Problem statement |
Transcribe the listing exactly, leaving out every picture.

Data provided |
•••••

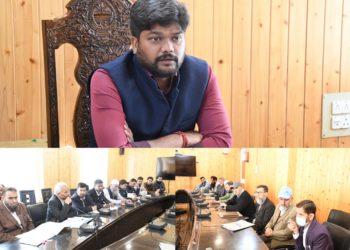 DC Ganderbal calls for strict adherence to standing rules for running private schools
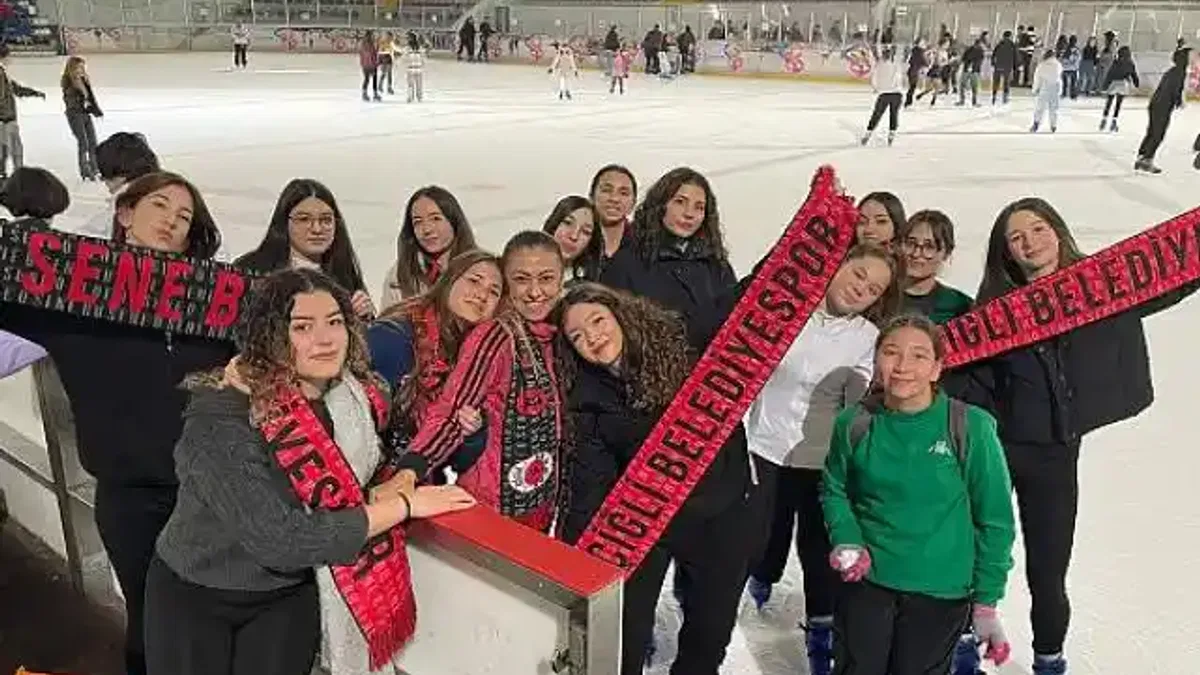 Çiğli'de Gençlere Sporla Yeni Bir Deneyim: Buz Pateni Eğitimi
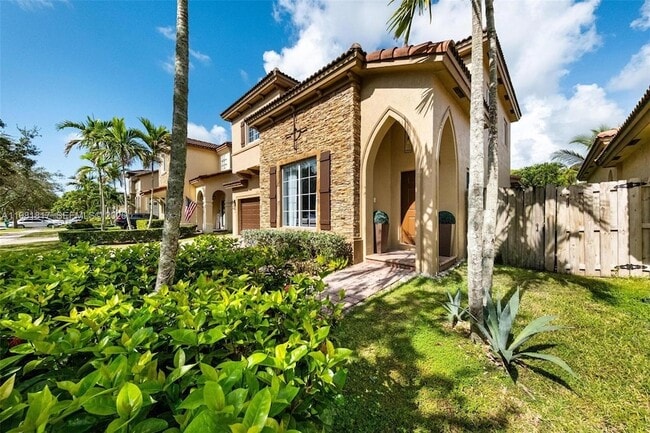 22536 SW 94th Pl in Cutler Bay, FL - Building Photo - Building Photo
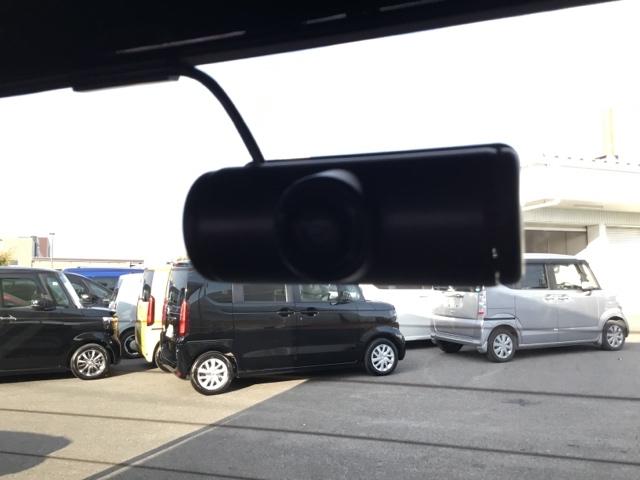 後方もしっかり同時録画しています。前方と同様に画像を自動保存します。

•••••

Solution to the problem |
 DC Ganderbal calls for strict adherence to standing rules for running private schools
 Çiğli'de Gençlere Sporla Yeni Bir Deneyim: Buz Pateni Eğitimi
 22536 SW 94th Pl in Cutler Bay, FL - Building Photo - Building Photo
 後方もしっかり同時録画しています。前方と同様に画像を自動保存します。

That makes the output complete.